I picked up both the P239 and Mosquito (both two tone versions) this past week and finally took both to the range today. Pics of the handguns to follow later. I cleaned and lubricated both guns prior to the range visit. I shot 200 rounds through each. The P239 was fed with Federal 115g FMJ and the Mosquito was fed a dose of CCI MiniMags. 
First, the P239 was flawless. No malfunctions. Shot it at 21 and 33 feet and found it to be as accurate as my P226 Elite 9mm. (I did not take my P226 today to compare since I wanted to spend my time shooting the P239). This will be my carry piece and I was not disappointed in its performance. On my last target I opened up an inch wide hole just left of center with the last 2 magazines. My groupings were better at 7 yards than at 11 yards, but that was to be expected. I am very glad I got it.

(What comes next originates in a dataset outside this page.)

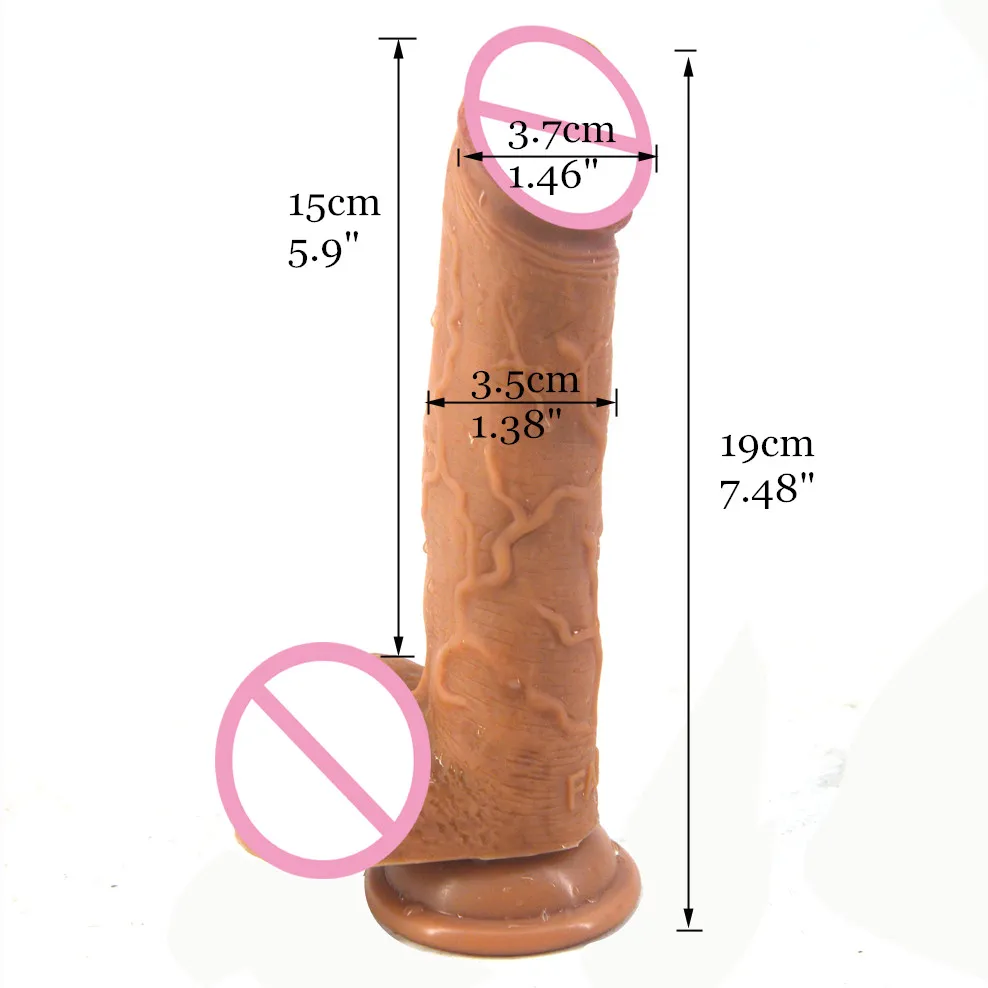 FAAK realistic dildo double layer silicone fake penis big dick adult sex product masturbator suction sex toys for women sex shop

Now the Mosquito: Since I have been disappointed with the accuracy and performance of the Walther P22 I wanted the Sig Mosquito for comparison. *IMHO*, 2 words: No contest. Hands down the Mosquito is much more accurate that the P22. :target: YMMV. Out of 200 rounds of CCI's I only had two FTFeeds. I had no FTE's and the slide locked open every time on the last round. The size and weight of the Mosquito also simulates the larger caliber Sig's which I liked and may be why I am dissatisfied with the smaller, lighter weight P22. Also the magazine eject method of the Sig is by far superior to the P22.
If today's results were any indication, I will be putting my Walther P22 up for sale.

UPDATE: I took my P226 Elite back to the range along with the P239. Although I shot well with the P239 my P226 is just a tack driver. Bottom line I love them both.


----------